CP2 boccia tend to use electric wheelchairs in everyday life. They may have controlled shakes and twitches. This bodily activity can spike their metabolic rate. They can operate a manual wheelchair but this is restricted because of motor control issues. Functional control issues effect all or most of their limbs. When participating in sport, CP2 competitors tend to have low energy expenditure.

==Events==
Events this classification competes in are mixed gendered competitions for either single players or a pair of players. At the 2012 Summer Paralympics, this classification will compete in a six end individual event, and a team event featuring BC1 and BC2 competing against each other, with three players per team, one of whom must be BC1. The match will be six ends long, with each player having three balls per end. In team play, a team is allowed to have one substitute per classification. Players in this classification have five minutes to play an end.

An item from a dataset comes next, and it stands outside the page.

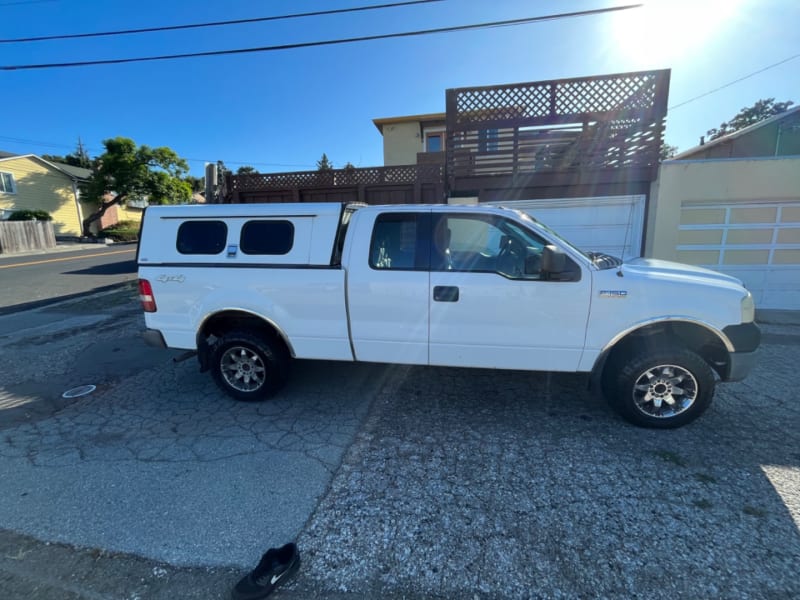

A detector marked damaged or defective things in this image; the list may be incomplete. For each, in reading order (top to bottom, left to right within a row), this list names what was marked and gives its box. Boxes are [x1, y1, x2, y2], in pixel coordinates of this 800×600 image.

cracked pavement [1, 288, 800, 596]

== Classification and sport history ==
Boccia made its debut on the Paralympic program at the 1984 Games. Boccia began to develop as an important sport for people in this class as track events began to disappear. The timing of this matched with a push by the CP-ISRA to promote the sport.

==Competitions information and results==
At the 2012 Australian national championships held at the Sydney Sport & Recreation from 30 April to 3 May, the BC1 individual event was won by Tyler Ellis from the Australian Capital Territory, second was won by William Marshall of Queensland and third place was won by John Richardson of Victoria.

=== Paralympic Games ===
At the 2012 Summer Paralympics, this classification competed in a six end individual event, and a team event featuring BC1 and BC2 competing against each other, with three players per team, one of whom must be BC1. The match will be six ends long, with each player having three balls per end.

For the 2016 Summer Paralympics in Rio, the International Paralympic Committee had a zero classification at the Games policy. This policy was put into place in 2014, with the goal of avoiding last minute changes in classes that would negatively impact athlete training preparations. All competitors needed to be internationally classified with their classification status confirmed prior to the Games, with exceptions to this policy being dealt with on a case-by-case basis. In case there was a need for classification or reclassification at the Games despite best efforts otherwise, boccia classification was scheduled for September 8 at Carioca Arena 2.

==Becoming classified==
Classification is handled by Cerebral Palsy International Sports and Recreation Association. The classification officer for the Cerebral Palsy International Sports and Recreation Association is Joan Steele-Mills.

To be eligible for classification, a boccia competitor "must have a diagnosis of cerebral palsy, stroke, head injury or other nonprogressive brain damage with locomotor dysfunction, either congenital or acquired (exception: Boccia “BC 4” players)."

==Protesting classification==
Competitors are allowed to protest their classification if they disagree with it. There is a formal process in place to allow this. On the international level, there are two types of protests: "new" protests for competitors who have not been previously classified and "review" protests for competitors who seek review before a major international competition. The protest on the international level must be made by the competitor's representative national Paralympic Committee or by the competitor's representative national sport federation. When a boccia competitor has been classified in the lead up to a major international championship, the relevant sporting bodies have 60 minutes from the end of the classification to protest it. Otherwise, if a competitor is classified outside of an event period, the relevant sporting organisations have thirty days after the last competition in which to file a protest. The relevant sporting body may also file a protest in a period of more than sixty days before the competitor is supposed to participate in an international event.